WHAT TO DO :: For the records that follow, please set down exactly the lines between the one holding "Patxi López en" and the one holding "Ladies winter jacket, gently", inclusive, and only those.

[DATA FOR THIS EXERCISE Boundary: Start]

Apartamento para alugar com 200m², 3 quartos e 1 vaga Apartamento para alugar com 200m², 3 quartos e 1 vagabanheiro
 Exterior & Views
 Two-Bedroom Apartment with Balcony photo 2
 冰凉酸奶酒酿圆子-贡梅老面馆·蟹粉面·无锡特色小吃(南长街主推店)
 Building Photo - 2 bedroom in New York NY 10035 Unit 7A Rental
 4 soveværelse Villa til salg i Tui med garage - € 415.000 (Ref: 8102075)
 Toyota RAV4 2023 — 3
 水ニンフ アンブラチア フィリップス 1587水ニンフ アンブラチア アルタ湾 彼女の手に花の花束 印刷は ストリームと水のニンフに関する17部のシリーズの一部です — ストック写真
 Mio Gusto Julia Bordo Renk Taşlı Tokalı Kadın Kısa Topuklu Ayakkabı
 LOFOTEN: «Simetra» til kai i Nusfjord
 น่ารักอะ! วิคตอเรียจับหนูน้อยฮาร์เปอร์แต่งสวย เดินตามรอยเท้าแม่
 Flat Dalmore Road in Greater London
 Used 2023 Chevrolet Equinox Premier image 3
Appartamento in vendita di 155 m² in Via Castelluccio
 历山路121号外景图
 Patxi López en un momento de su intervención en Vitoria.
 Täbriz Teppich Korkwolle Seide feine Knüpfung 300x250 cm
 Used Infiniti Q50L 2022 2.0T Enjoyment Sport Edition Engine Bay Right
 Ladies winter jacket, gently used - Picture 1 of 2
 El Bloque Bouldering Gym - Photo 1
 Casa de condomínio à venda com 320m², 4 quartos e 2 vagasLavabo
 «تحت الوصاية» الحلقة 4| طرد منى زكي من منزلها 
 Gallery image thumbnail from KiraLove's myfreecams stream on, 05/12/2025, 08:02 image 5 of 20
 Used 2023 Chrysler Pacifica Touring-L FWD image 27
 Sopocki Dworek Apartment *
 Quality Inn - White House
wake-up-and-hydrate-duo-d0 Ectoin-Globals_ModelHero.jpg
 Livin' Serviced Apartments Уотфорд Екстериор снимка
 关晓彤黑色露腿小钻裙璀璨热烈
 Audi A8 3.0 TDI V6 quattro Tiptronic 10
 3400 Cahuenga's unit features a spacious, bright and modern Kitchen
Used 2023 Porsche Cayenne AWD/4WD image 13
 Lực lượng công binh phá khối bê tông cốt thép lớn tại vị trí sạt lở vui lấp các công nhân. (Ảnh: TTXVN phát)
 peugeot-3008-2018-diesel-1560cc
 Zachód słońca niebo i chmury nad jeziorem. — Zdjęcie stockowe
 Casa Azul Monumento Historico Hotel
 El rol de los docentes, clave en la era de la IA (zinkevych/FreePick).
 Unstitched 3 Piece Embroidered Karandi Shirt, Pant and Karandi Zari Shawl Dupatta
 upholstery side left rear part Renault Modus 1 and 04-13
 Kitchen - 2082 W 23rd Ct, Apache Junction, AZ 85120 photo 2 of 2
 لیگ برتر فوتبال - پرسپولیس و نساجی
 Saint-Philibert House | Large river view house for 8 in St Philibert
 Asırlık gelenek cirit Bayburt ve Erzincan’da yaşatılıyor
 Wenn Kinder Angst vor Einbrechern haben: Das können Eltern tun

[DATA FOR THIS EXERCISE Boundary: End]

EXERCISE ANSWER ::
 Patxi López en un momento de su intervención en Vitoria.
 Täbriz Teppich Korkwolle Seide feine Knüpfung 300x250 cm
 Used Infiniti Q50L 2022 2.0T Enjoyment Sport Edition Engine Bay Right
 Ladies winter jacket, gently used - Picture 1 of 2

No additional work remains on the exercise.